Bolsonaro e a diplomacia de intervenção na Venezuela

O casal do apartamento ao lado vive às turras, em brigas violentas e barulhentas. Qual a atitude mais prudente que se pode tomar a respeito? Tentar apaziguar, fazê-los conversar e acertar as diferenças, ou chamar um deles de lado e incitá-lo a aprofundar a briga, falar mal do outro e oferecer apoio e até armas, se for o caso?

Mal comparando, é o que ocorre com a Venezuela, país vizinho e amigo do Brasil – com quem compartilha inclusive a memória de um lutador pela independência, o general José Inácio de Abreu e Lima que, sendo brasileiro – pernambucano mais exatamente –, é um grande herói do país vizinho, reconhecido por sua participação, sob o comando de Simon Bolivar, da guerra da Independência, no século XIX. Como historiador e escritor, foi autor do livro “O Socialismo”, publicado no Brasil em 1855.
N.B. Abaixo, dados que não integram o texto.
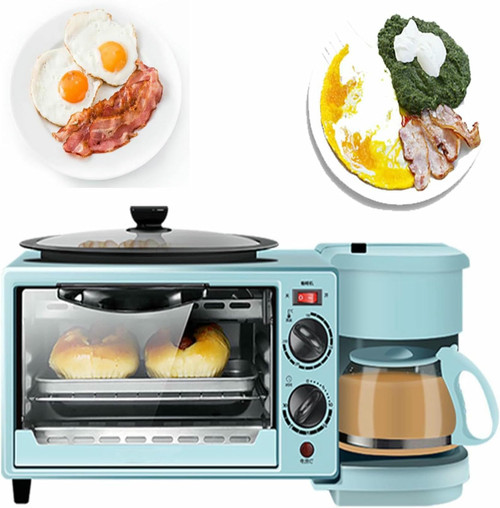 3 in 1 Breakfast Station, electric Breakfast Maker with Timer, Toaster with Frying Pan and Coffee Machine, Versatile Breakfast Maker for Apartments Kitchenettes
Até por isso a Venezuela é um vizinho muito próximo dos brasileiros, em relação ao qual o governo direitista de Jair Bolsonaro rompe outra tradição brasileira que já dura cerca de um século e meio – desde o final da Guerra do Paraguai, em 1870, o Brasil não intervém nos assuntos internos de outra nação.

Não é o que fez, nesta quinta-feira (17), o presidente Jair Bolsonaro e seu chanceler, Ernesto Araújo, que tiveram um encontro com integrantes da oposição venezuelana – o ex-prefeito de Caracas Antonio Ledezma, o ex-presidente da Assembleia Nacional (AN) Julio Borges, o número dois do partido Vontade Popular (VP), Carlos Vecchio e o ex-juiz Miguel Ángel Martín.
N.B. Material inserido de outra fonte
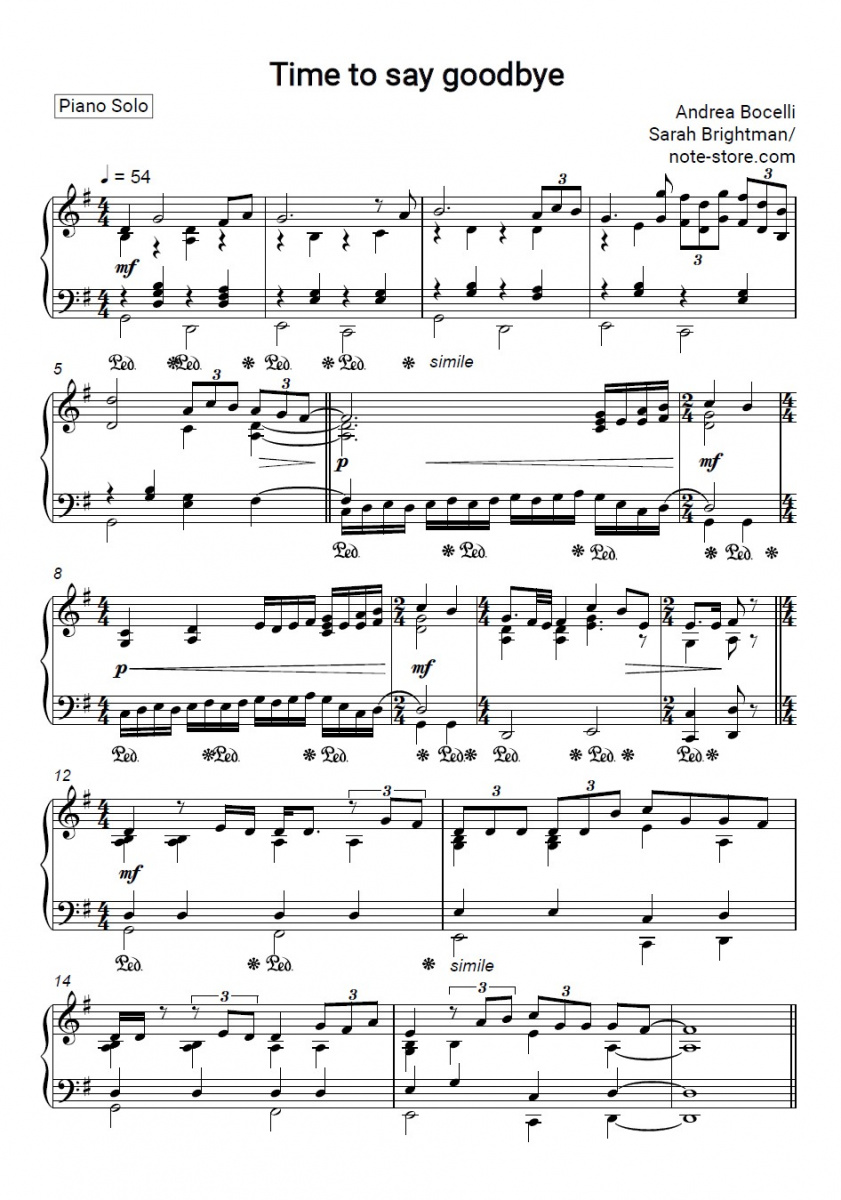 Sarah Brightman, Andrea Bocelli - Time to Say Goodbye piano sheet music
A "Operação Venezuela" tem o claro sentido de uma tomada de partido face ao conflito que conflagra aquele país sul-americano. É como se, no exemplo dos vizinhos citado acima, a chancelaria brasileira tenha aberto mão de qualquer esforço de chegar ao entendimento através de conversações e, ao invés de aconselhar pelo apaziguamento, resolveu alimentar a fogueira.
É outro serviço sujo que o governo de Jair Bolsonaro presta a seus patrões dos Estados Unidos e ao chamado Grupo de Lima, que segue a orientação de Washington.

Embora aqueles oposicionistas venezuelanos não representem o conjunto dos que se opões ao governo legítimo de Nicolás Maduro, eles tentam encontrar – com o apoio de Jair Bolsonaro, que reforça a orientação do estadunidense Donald Trump – um caminho para pôr abaixo o governo do país vizinho. Informa o jornal “O Globo” que a pauta da conversa entre Araújo e os venezuelanos foi a crise naquele país e a eventual troca de governo – tema que também esteve na agenda do encontro entre o argentino Maurício Macri e Bolsonaro, em Brasília. Eles chegaram inclusive a discutir um eventual cenário militar para a crise da Venezuela. E estão dispostos a reconhecer um provável substituto de Maduro – que, especula-se, poderia ser Juan Guaidó, atual presidente da Assembléia Nacional da Venezuela e que, nesta segunda-feira (14), proclamou-se presidente no lugar de Nicolás Maduro

A crise da Venezuela é grave, não há dúvida. A atitude civilizada e democrática diante dela não pode ser outra a não ser reconhecer que é um assunto a respeito do qual cabe ao povo venezuelano decidir, soberanamente. O que os países amigos podem fazer é instar por conversações, por negociações que permitam uma convivência pacífica entre os vários grupos que lá se enfrentam. O que se espera de uma diplomacia civilizada e democrática é que, respeitando a soberania nacional venezuelana, ofereça uma mesa onde esta negociação ocorra. E nunca que tome partido a favor de uma força que ignora uma eleição legítima e infringir um golpe que pode trazer graves consequências para a Venezuela e agravar ainda mais a situação do povo venezuelano.